- _Listed entries_:
"""

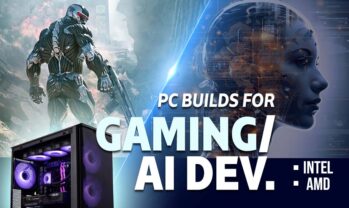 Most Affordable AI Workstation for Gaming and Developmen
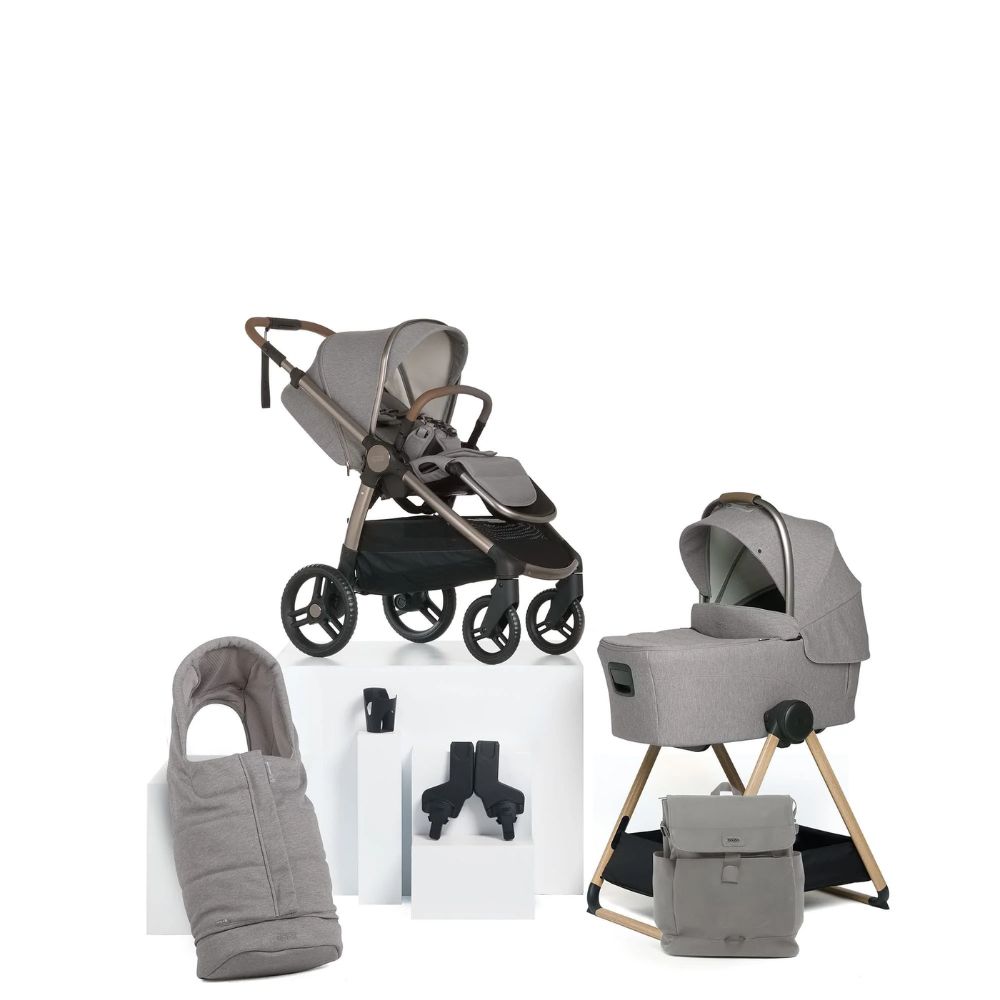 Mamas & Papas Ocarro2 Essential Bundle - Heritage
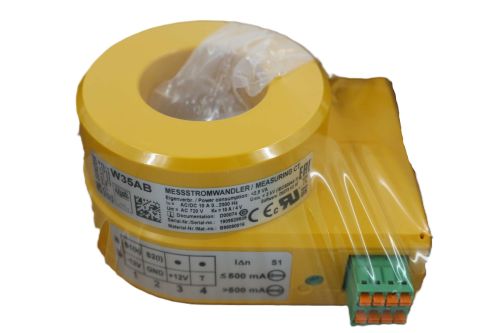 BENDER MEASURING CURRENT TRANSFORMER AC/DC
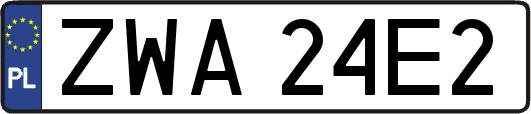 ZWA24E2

"""
"""

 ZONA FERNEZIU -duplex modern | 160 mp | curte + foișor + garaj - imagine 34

"""
"""

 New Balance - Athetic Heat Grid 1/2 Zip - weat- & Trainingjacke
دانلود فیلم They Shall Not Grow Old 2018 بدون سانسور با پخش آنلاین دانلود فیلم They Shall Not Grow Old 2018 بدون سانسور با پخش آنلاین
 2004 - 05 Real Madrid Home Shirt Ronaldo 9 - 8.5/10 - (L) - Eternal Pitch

"""

- _What is expected_: Repeat the entries above verbatim, but only from the line that has "New Balance - Athetic" down to the line that has "2004 - 05 Real", inclusive.

- _Expected output_:
 New Balance - Athetic Heat Grid 1/2 Zip - weat- & Trainingjacke
دانلود فیلم They Shall Not Grow Old 2018 بدون سانسور با پخش آنلاین دانلود فیلم They Shall Not Grow Old 2018 بدون سانسور با پخش آنلاین
 2004 - 05 Real Madrid Home Shirt Ronaldo 9 - 8.5/10 - (L) - Eternal Pitch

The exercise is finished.